▸ **Records provided**:
=-=-=

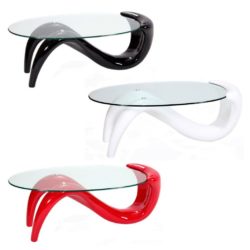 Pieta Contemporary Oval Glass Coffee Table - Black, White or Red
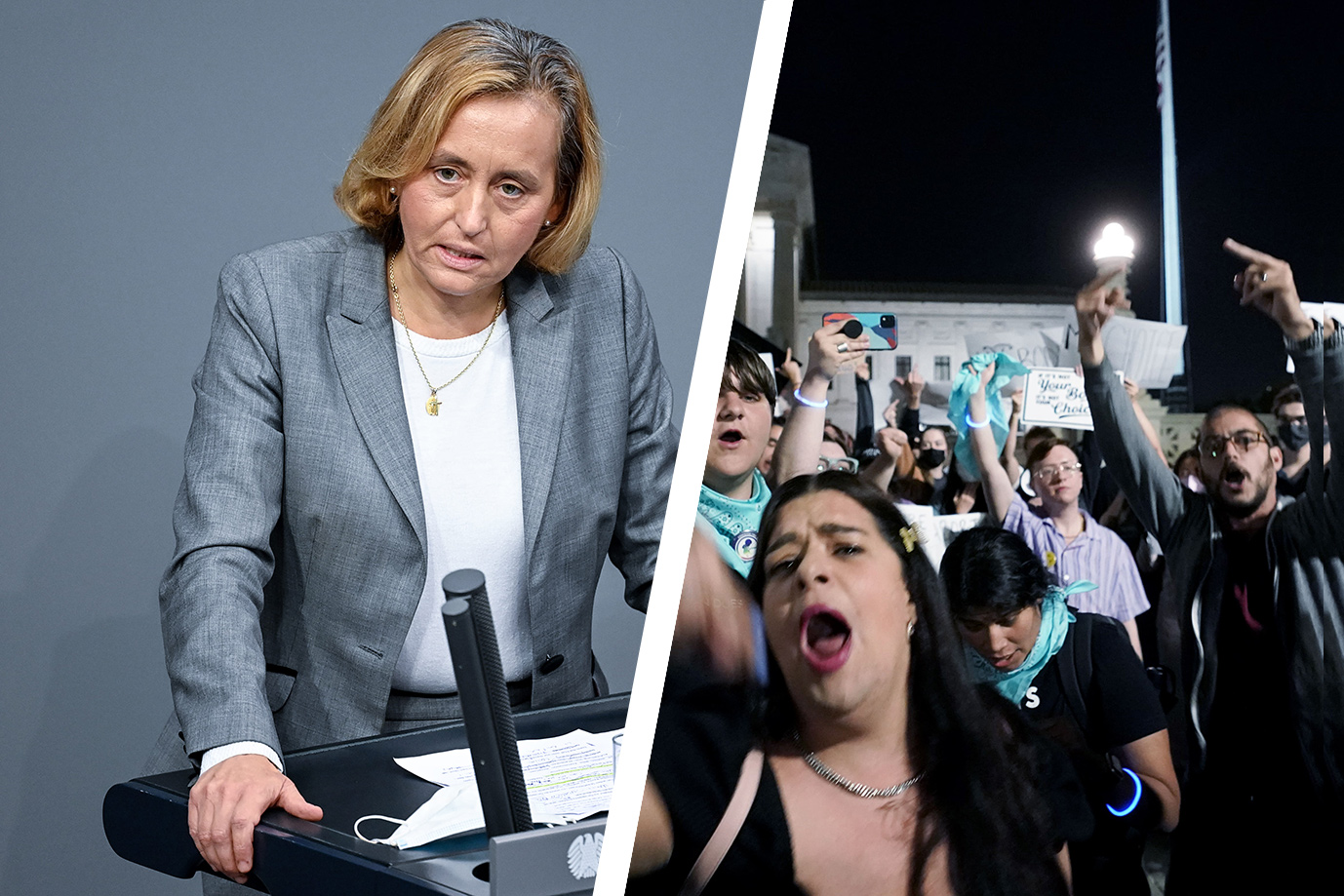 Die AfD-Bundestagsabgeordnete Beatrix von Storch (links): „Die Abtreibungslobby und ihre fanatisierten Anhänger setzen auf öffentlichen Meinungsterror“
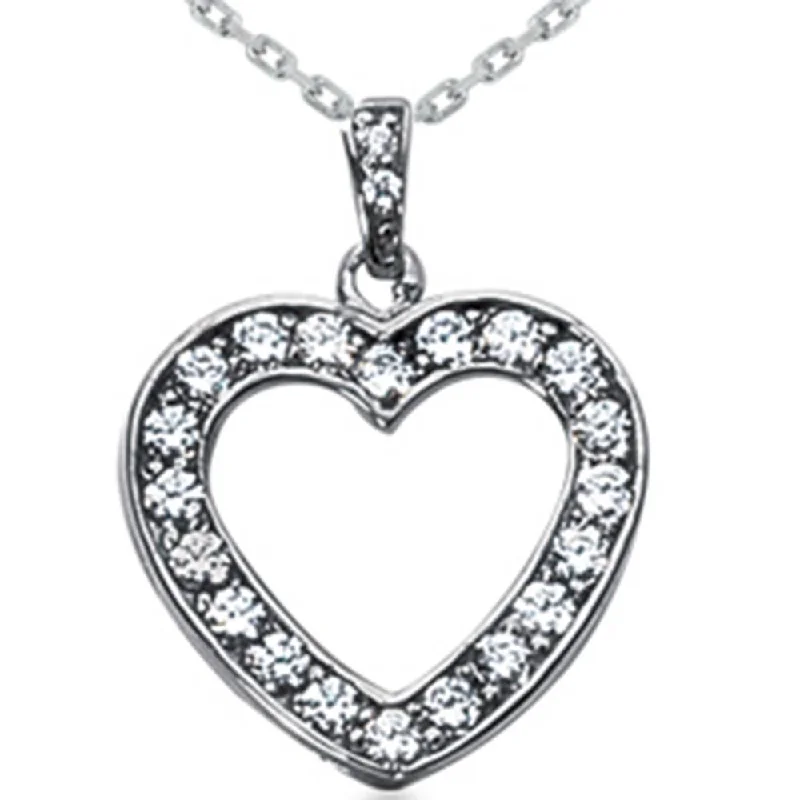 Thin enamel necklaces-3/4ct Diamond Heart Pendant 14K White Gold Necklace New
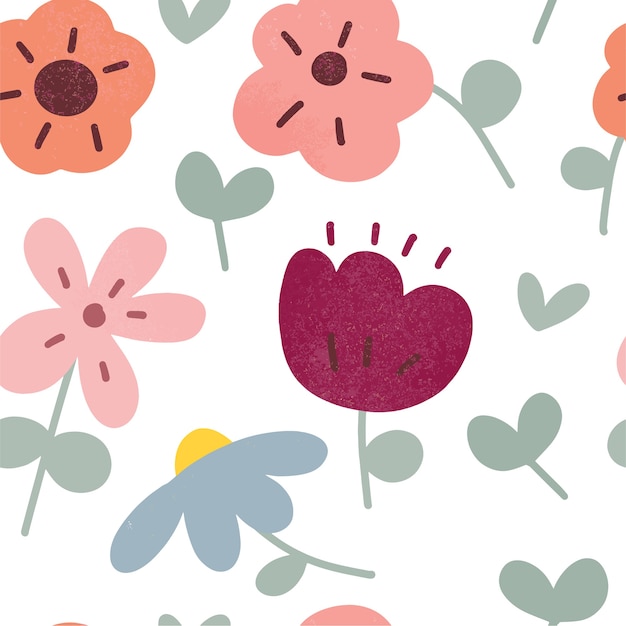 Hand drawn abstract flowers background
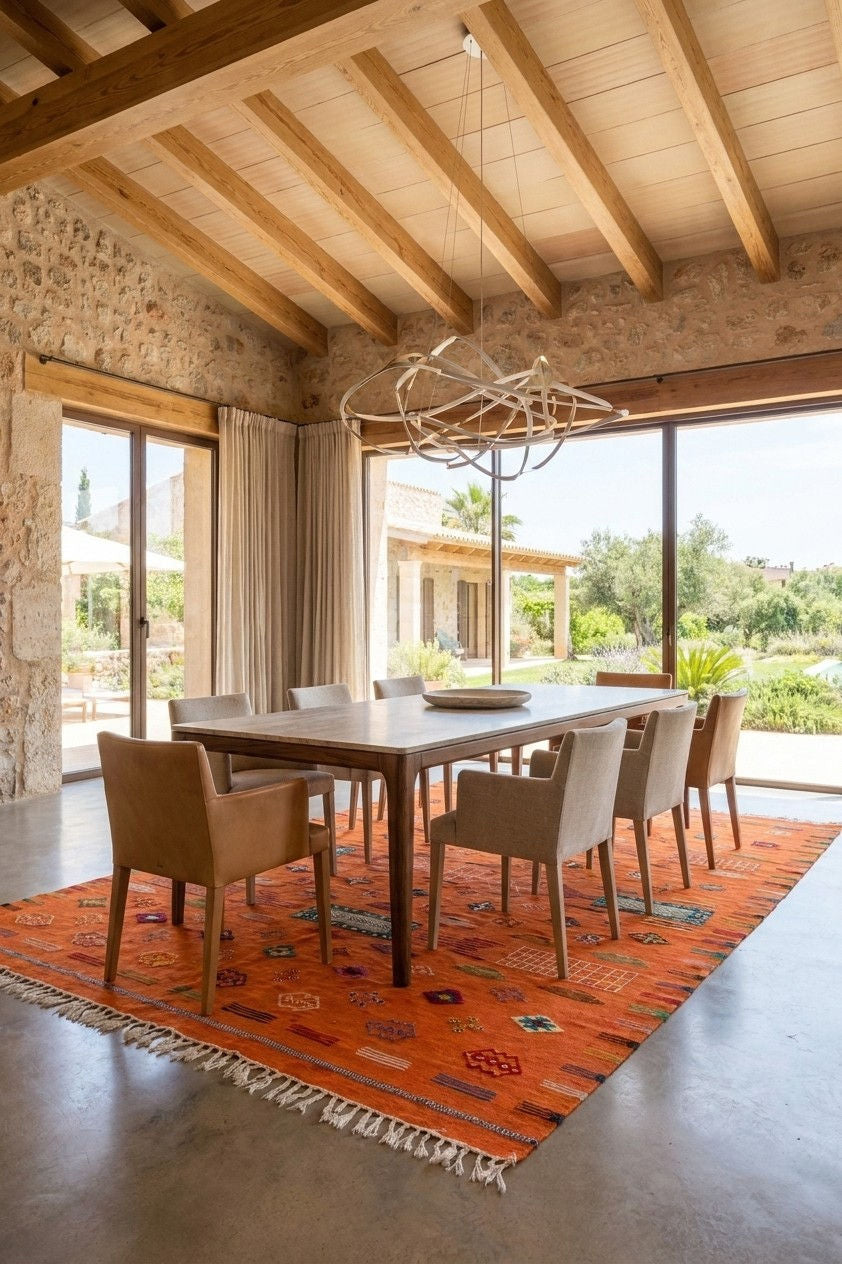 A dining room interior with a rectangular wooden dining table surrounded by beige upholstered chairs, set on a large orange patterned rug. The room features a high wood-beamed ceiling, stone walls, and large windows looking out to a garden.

=-=-=

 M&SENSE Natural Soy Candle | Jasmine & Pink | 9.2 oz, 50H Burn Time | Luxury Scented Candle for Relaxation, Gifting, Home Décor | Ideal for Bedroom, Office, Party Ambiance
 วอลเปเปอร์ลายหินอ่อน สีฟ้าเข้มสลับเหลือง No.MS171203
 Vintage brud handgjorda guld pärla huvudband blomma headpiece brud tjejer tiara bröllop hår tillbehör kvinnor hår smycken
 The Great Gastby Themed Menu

=-=-=

Extract the part of the records that opens with the line containing "Pieta Contemporary Oval" and closes with the line containing "Hand drawn abstract flowers background". Take only those lines, exactly, and no pictures.

▸ **Solution to this task**:
 Pieta Contemporary Oval Glass Coffee Table - Black, White or Red
 Die AfD-Bundestagsabgeordnete Beatrix von Storch (links): „Die Abtreibungslobby und ihre fanatisierten Anhänger setzen auf öffentlichen Meinungsterror“
 Thin enamel necklaces-3/4ct Diamond Heart Pendant 14K White Gold Necklace New
 Hand drawn abstract flowers background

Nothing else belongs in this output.